== Activity ==
The material below holds pictures, which are to be left out; copy exactly the lines from the one with "Wild Stone Edge" through the one with "Faucheux Prestige 80 front loader".

== Provided data ==
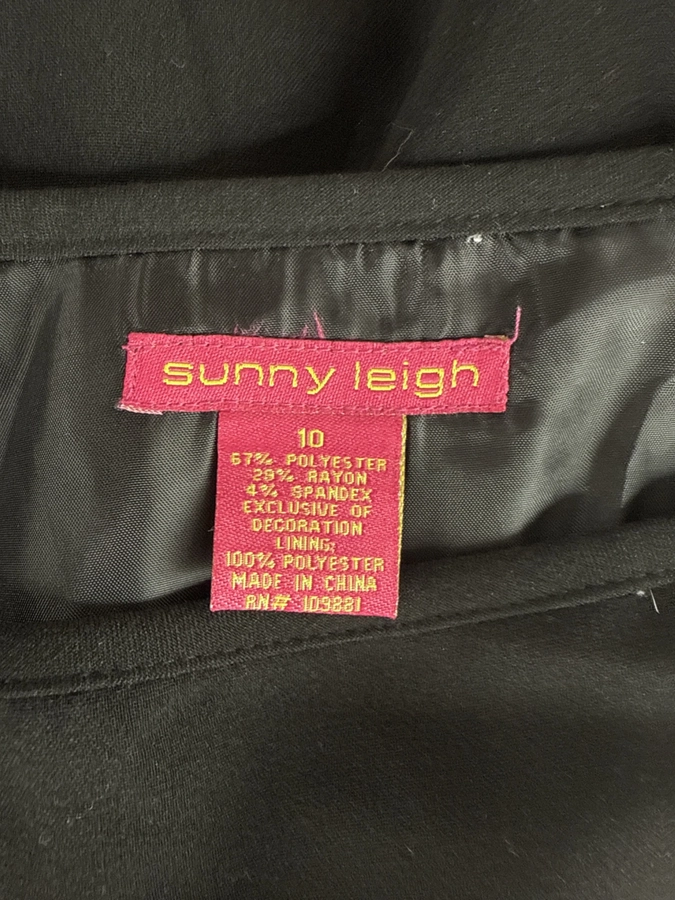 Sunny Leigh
==
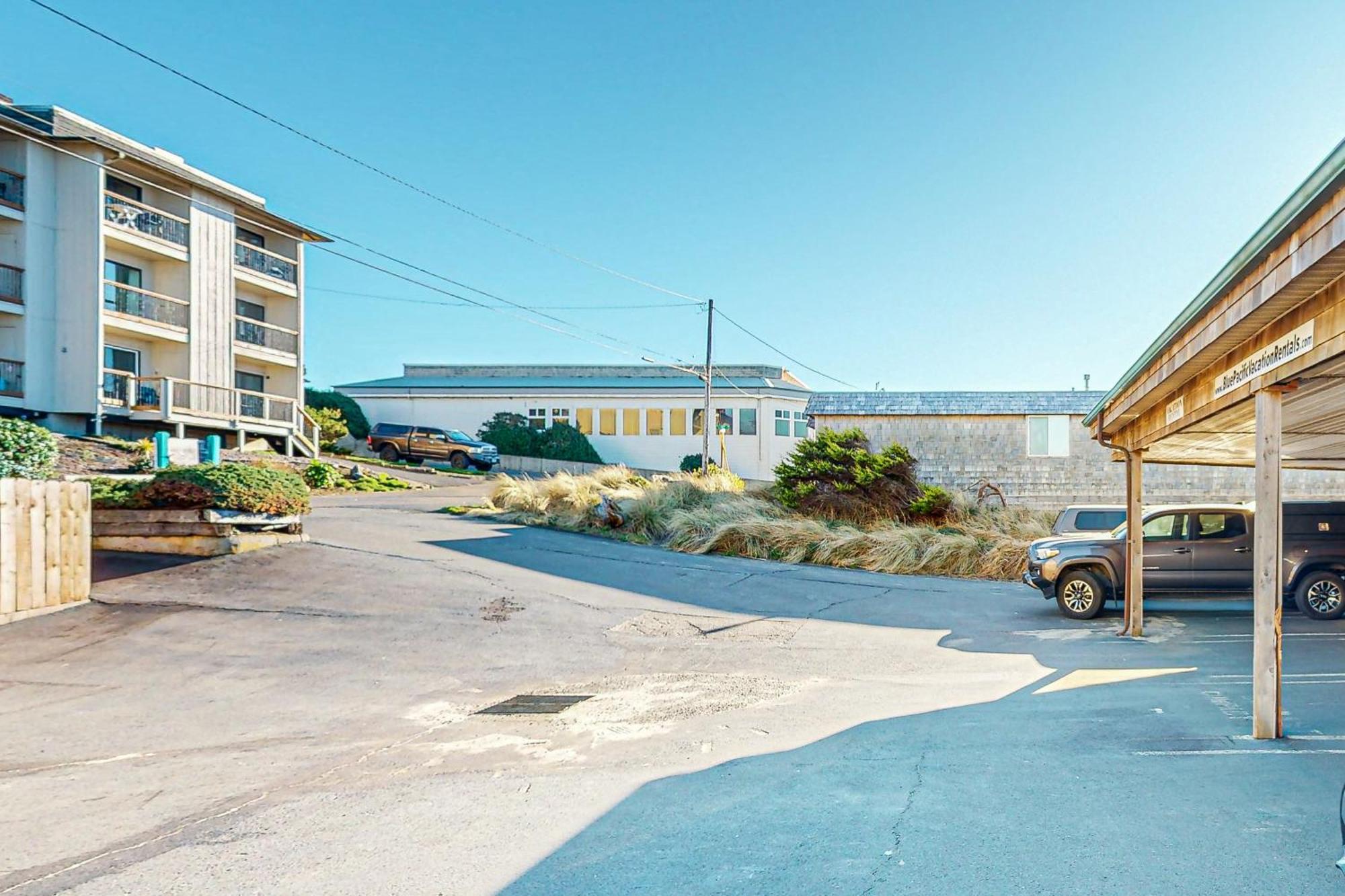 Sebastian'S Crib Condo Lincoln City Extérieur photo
==
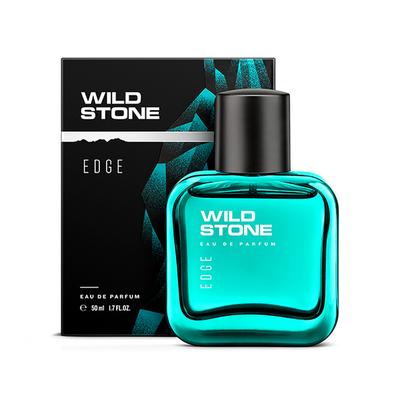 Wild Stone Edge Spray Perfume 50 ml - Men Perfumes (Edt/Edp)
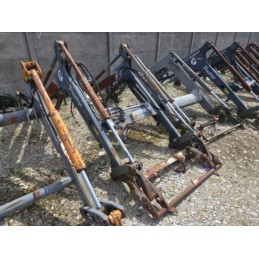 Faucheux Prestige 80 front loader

== Exercise result ==
 Wild Stone Edge Spray Perfume 50 ml - Men Perfumes (Edt/Edp)
 Faucheux Prestige 80 front loader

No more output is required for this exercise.